Fixed wireless access (FWA) should not be considered an alternative for fibre connectivity in the home, but that does not mean it should be ignored as a usecase to justify expenditure.
“5G is not about speed but about making money,” said Paul Scanlan, CTO for the Huawei Carrier Business Group.
Those who are basing business models around the idea that 5G will deliver faster connectivity are heading down a perilous road. There will be an opportunity to make money from faster connections, but a 5G-orientated telco thinks about the economics of connectivity differently, according to Scanlan. One example is the FWA buzz.
In some circles, FWA is being touted as an alternative to fibre broadband. For Scanlan, this is short-sighted, but it can create a more attractive position to ease the transition from legacy networks through to the future proof infrastructure.
Two concepts of fibre connectivity are completely unavoidable; firstly, its expensive to deploy a fibre network, and secondly, its very time-consuming. The materials are in high-demand pushing up the price, digs are laborious and planning permission laws can create a complicated red-tape maze. These are some of the reasons mobile connectivity vastly outstrips fibre deployments, which generally only grow 5% a year.
In certain geographies, the FWA usecase is an incredibly valuable one. Not only is it quicker to deploy, offering fibre-like speeds sooner rather than later, it is cheaper. Telcos can start delivering fibre-like broadband services immediately, increasing customer satisfaction, while these revenues can offset the heavy financial demands of deploying fibre. It’s a slightly different mindset, but FWA could aid the inevitable.
This is where the ‘bigger, faster, meaner’ mentality of the telcos could create a risk. It is simply not sustainable. Connectivity is becoming increasingly expensive, and consumers are paying less. This is not an attractive equation, but new services can eliminate the chasm.
Latency and transmission are two areas which are not attracting as much attention but could be the difference between the digital service provider of tomorrow and a utilitised telco for connectivity. With 5G, Huawei is promising latency can be reduced by 30-50X, while throughput can be increased by 16X; these numbers can create a more attractive business model.
On the latency front, there are some telcos across Asia who are attempting to monetize latency, creating added value services for gamers. For $1 a month, gamers can turn-on ‘low latency mode’ which can be the difference between winning and losing for certain titles. At $1 a month, it isn’t going to turn the tides, but enough of these value-adds fights back against the pressure of utilitisation trends.
Another interesting usecase is in the smart factory, using latency to remove intelligence off the robots.

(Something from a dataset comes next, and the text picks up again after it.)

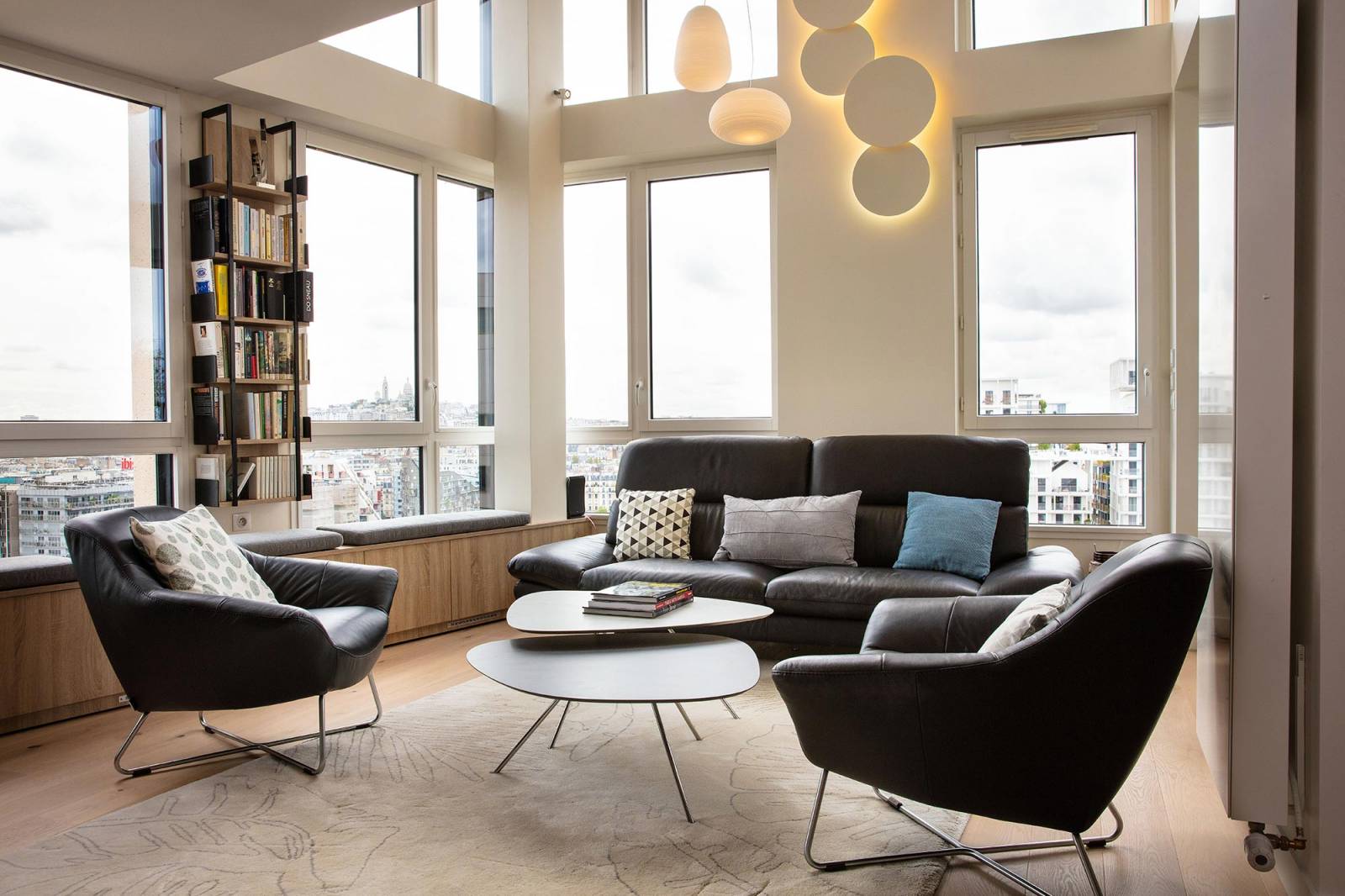 vous souhaitez rénover un duplex à paris 75010 ? découvrez nos conseils et solutions pour transformer votre bien, optimiser l’espace et valoriser votre appartement en plein cœur du 10e arrondissement.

Scanlan highlighted very few people would buy a $1 million robot, but demand would be much higher for the same device priced at $1,000. The difference between the two could be removing the intelligent component from the robot and hosting them in the cloud. But for this to be a reality, latency would have to be significantly reduced. This is another monetization opportunity for the telcos.
Looking at transmission, Scanlan points to consumer traffic growth. If growth continues its current trajectory, at least 25% year-on-year, 4G will hit a glass ceiling within three years. 4G would have to increase network densification by 160% to meet the demands, though 5G could be the answer. Yes, there will need to be more small cell sites to address the coverage requirements, but each of these sites will have dramatically increased capabilities to deal with the traffic consumption.
Huawei claims CAPEX expenditure would have to increase by 5X for 4G to meet the demands if traffic increased by 50%, though it would only be 1.8X for 5G infrastructure. This creates a much more palatable equation for a scenario which is inevitable.
“What is the real reason for big 5G, it is significantly more efficient,” said Scanlan.
5G is faster, there is no avoiding this fact, but building a business around such a narrow focus is incredibly dangerous. The days of the ‘bigger, meaner, faster’ mentality is quickly dying in the telco world.